I took some courses taught by people associated with the (then) Centre for the Study of Religion, including one with John Marshall, who encouraged me to consider the CSR. I had begun to realize that I wanted to study religion as a human phenomenon, to develop my own understanding and learning rather than be confined to seminary teaching.

How have your academic pursuits developed over time?

They come from my own journey and my own interests. I say journey, because I've travelled extensively and lived in different countries, so movements, spaces, geography have always been very interesting to me. Diaspora studies have been important to me, in trying to understand my own self but also trying to understand the places in the ancient world that I was reading about. That interest came together with the biblical field in my dissertation where I looked at Paul in the context of diaspora politics and movements, questions of identity.

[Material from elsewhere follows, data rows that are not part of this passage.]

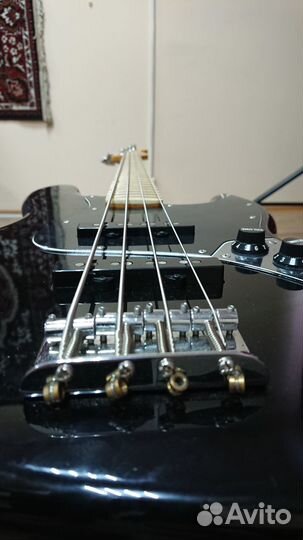 Бас гитара fender squier vintage modified jazz BAS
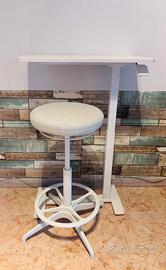 Scrivania/tavolino + sgabello regolabili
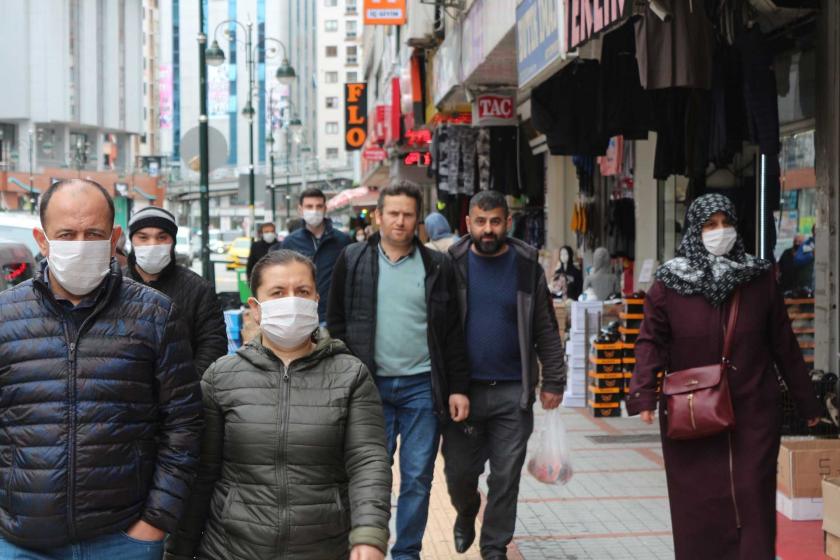 Rize'de sokakta olan maskeli ve maskesiz vatandaşların görüntüsü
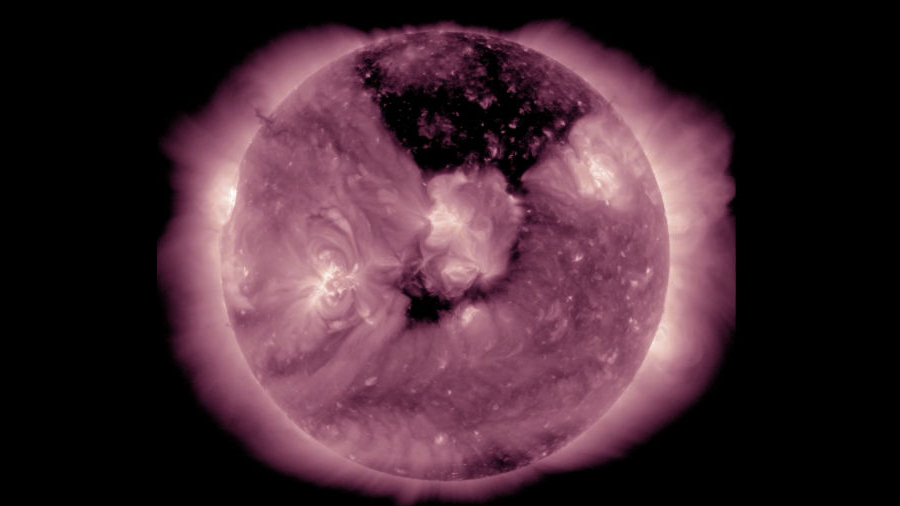 Un 'agujero' se extiende por la atmósfera del Sol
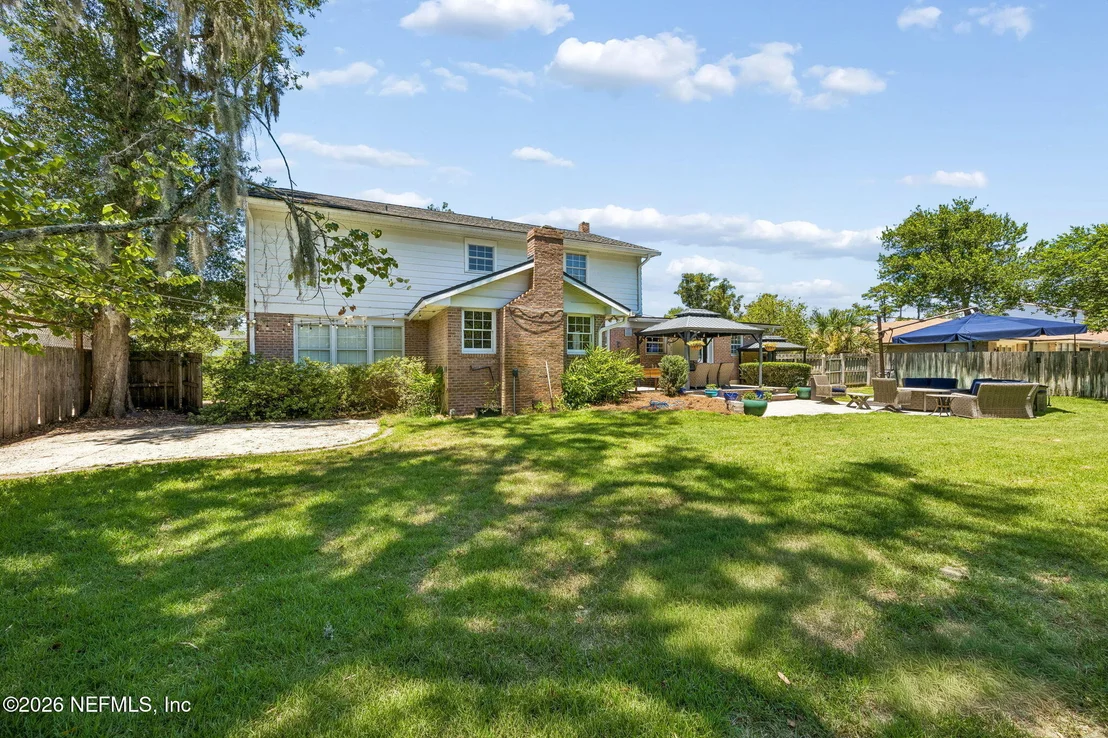 Photo of 2321 EGREMONT Drive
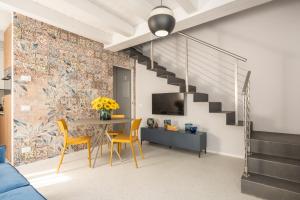 威尼斯Fondamenta de la Sensa Garden Loft R&R的客厅设有楼梯和桌椅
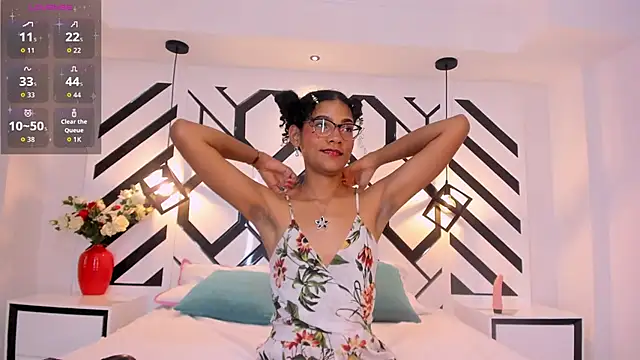 AuroraPinkk online show from December 2025 11:09:02 PM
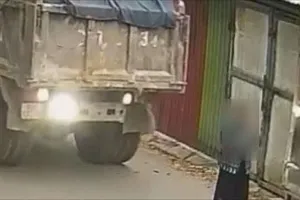 Từ vụ xe tải lùi cán trúng người ở Bắc Ninh, tầm quan trọng của camera lùi?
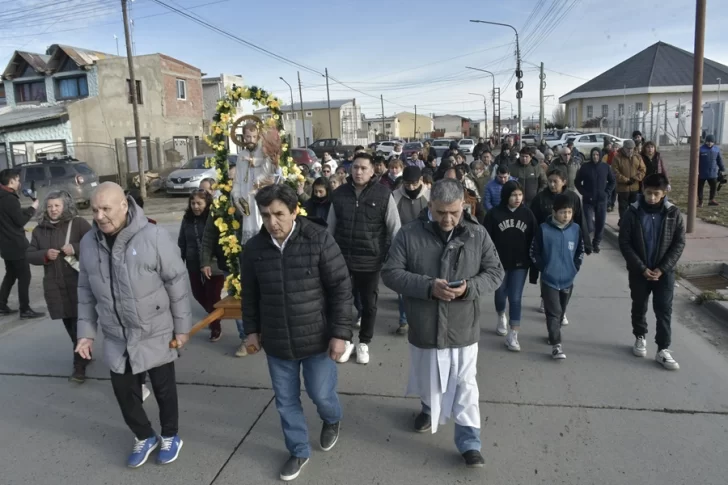  El cura Raúl Dominguez, encabezando la procesión de San Cayetano en Río Gallegos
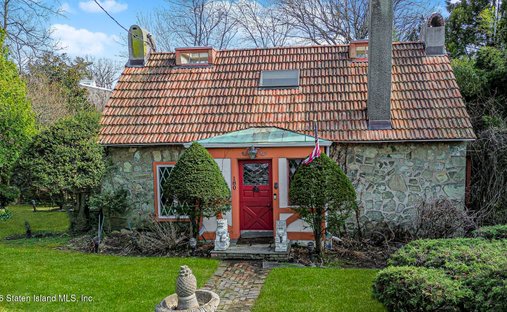House in New York, New York, United States 1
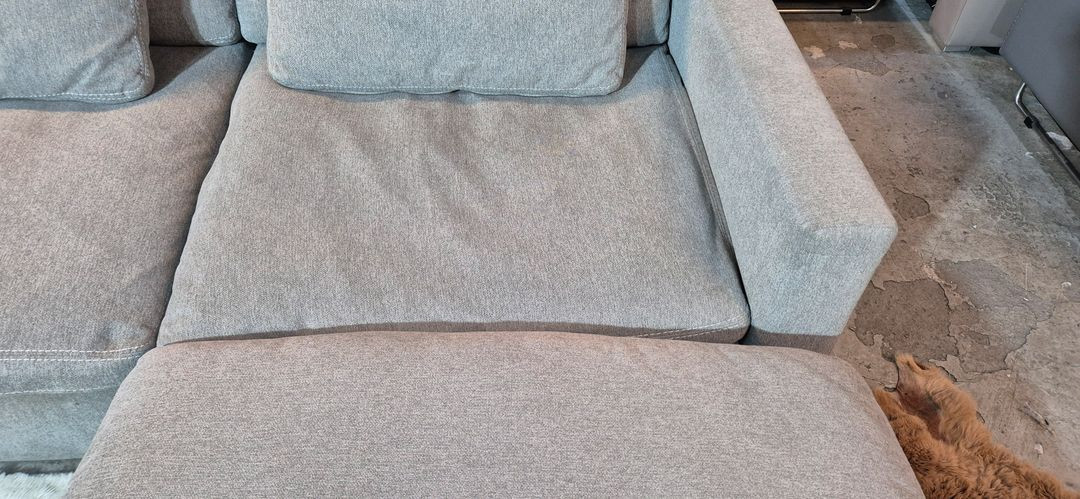 까사미아 캄포 슬림4인소파+스툴(전체커버드라이세탁완료)--7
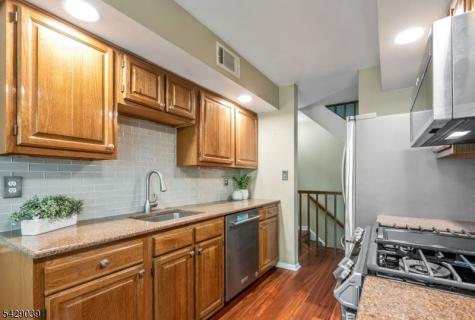 3202 Stowe Lane Mahwah NJ 07430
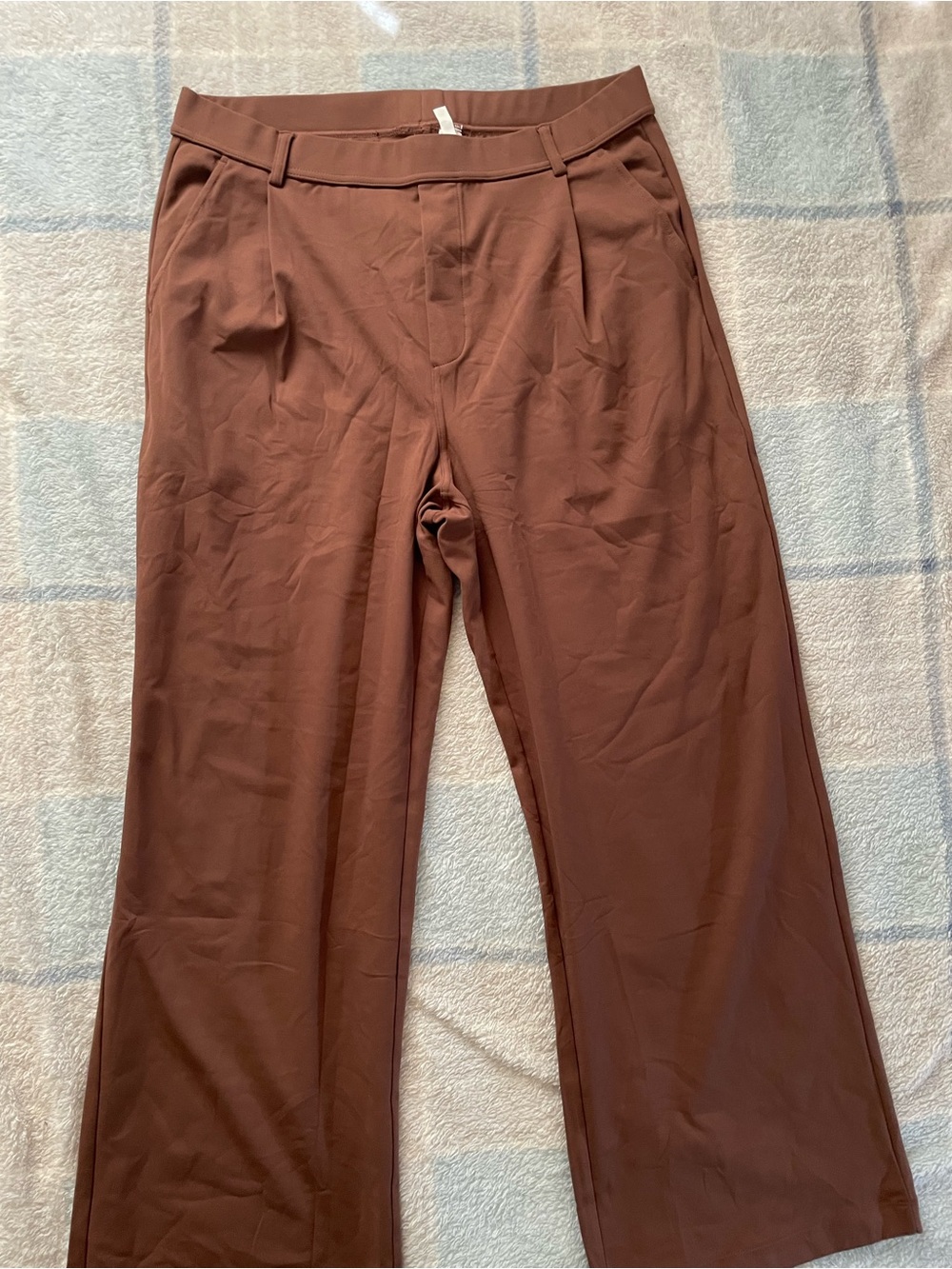 HALARA Wide-Leg Pants in Chestnut Brown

This is connected, too, with my interest in social justice, in history from below. My latest book, The Silencing of Slaves in early Jewish and Christian Writings, asks how would it be to conceive earliest Christianity differently if we were to pay attention not to the major figures like Jesus, like Paul, but textualized characters like slaves. They are there, yet they are not there – mostly they don’t speak, they come and go. What would it mean to actually pay attention to them?

As you go forward now at U of T, what are your plans?

I still sometimes pinch myself – am I really here? This is a great opportunity I have, a great gift. I also continue to think of those scholars who do not have positions where they can be excellent in the way that a university here allows one to be. 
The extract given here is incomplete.